# New MTB rider searching for my 1st bike



## K8Marie (Mar 5, 2021)

I'm a active mid-50s gal, extremely active in many other sports and now want to get back on a bike to ride with friends. Last summer I borrowed a friends really old hardtail, and was still able to keep up with my friends who are avid mt bikers on full suspension on mostly beginner/intermediate single track trails - fun rolling hills and a few burns, etc. Sorry if I am getting the lingo wrong, as I am new to biking. 
I'm wondering if I can get some questions answered and some advice: 
I'm looking for a used full suspension all around mt bike (new model definitely not in my budget), and was wondering if it's realistic to invest in a bike that's 13yrs old. I found this 2008 Specialized Epic Comp at a shop that recycles bikes, Recycled Cycles in Seattle, WA. They have a great reputation, so I road it around a parking lot for size/comfort level, and it felt great. I did some research on the bike and I was wondering if I should trust bicyclebluebook.com? Also a friend said I should try and see if Specialized still makes replacement parts for older models. Is that a realistic thing to think about? Trying to figure out the replacement parts has been tricky with no success. The shop said they want $950 - firm, Bicyclebluebook says MSRP $2700, Private Party Rang (whatever that means) $550-566. The bike looks in excellent condition - but that's what they do, people trade bikes in and they fix them up fo resale. I'm getting mixed advice from close friends, so I thought I'd gather some more - any help is greatly appreciated - thanks


----------



## eb1888 (Jan 27, 2012)

For parts you can ask a Specialized dealer to check on parts. Mainly suspension pivot bearings are something to check for. The other wear parts are common but may need to be replaced with more current parts. This would be the chain, cassette at the rear and the front gears on the crank. The fork and shock servicing rebuild kits will depend on who the manufacturer is. _*If the fork and shock have 'the Brain' *_that has to serviced by Specialized only. You or the dealer will have to remove those parts and ship them to Specialized. Several weeks will go by before you get them back. And it isn't cheap. Even on an old bike. I would not recommend any bike with the Brain, even a new one.
If you don't want to deal with maintaining an old fs bike, you can get a new hardtail for 1k-1.5k. A Giant Fathom 2 29 or a couple mail order bikes from Wiggle/CRC from Vitus or Ragley(check the US distributors also) A vitus Sentier VR 29 or Ragley Big Al are bikes with current geo, wide rim wheels and decent forks. 
This Youtube channel has more info for you.


----------



## K8Marie (Mar 5, 2021)

eb1888 said:


> For parts you can ask a Specialized dealer to check on parts. Mainly suspension pivot bearings are something to check for. The other wear parts are common but may need to be replaced with more current parts. This would be the chain, cassette at the rear and the front gears on the crank. The fork and shock servicing rebuild kits will depend on who the manufacturer is. _*If the fork and shock have 'the Brain' *_that has to serviced by Specialized only. You or the dealer will have to remove those parts and ship them to Specialized. Several weeks will go by before you get them back. And it isn't cheap. Even on an old bike. I would not recommend any bike with the Brain, even a new one.
> If you don't want to deal with maintaining an old fs bike, you can get a new hardtail for 1k-1.5k. A Giant Fathom 2 29 or a couple mail order bikes from Wiggle/CRC from Vitus or Ragley(check the US distributors also) A vitus Sentier VR 29 or Ragley Big Al are bikes with current geo, wide rim wheels and decent forks.

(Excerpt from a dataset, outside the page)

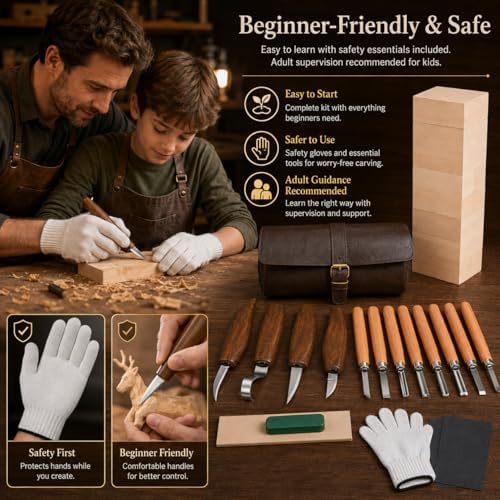 26Pcs Deluxe Wood Carving Kit, Whittling Knife Set with Leather Storage Case, Basswood Blocks & Safety Gloves, Woodworking Tools for Beginners Adults Kids, DIY Craft Gift for Men Teens - Image 4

Thanks! That's great advice - been reading a lot about the Brain is a hard replacement part.


----------



## targnik (Jan 11, 2014)

If you kept up on a hardtail beater...

Get a new modern All Mountain hardtail!!

You'll get more bang for your buck and the bike won't be nearly a decade old.

There are so many great hardtails around at the moment.

If you kept up on a relic, you'll be able to bomb past them on something more contemporary.

Plus, you'll be a Billy Badass... riding your HT on real mtb trails.

The money you save on the bike, you'll want to invest in decent shoes, grippy flat pedals.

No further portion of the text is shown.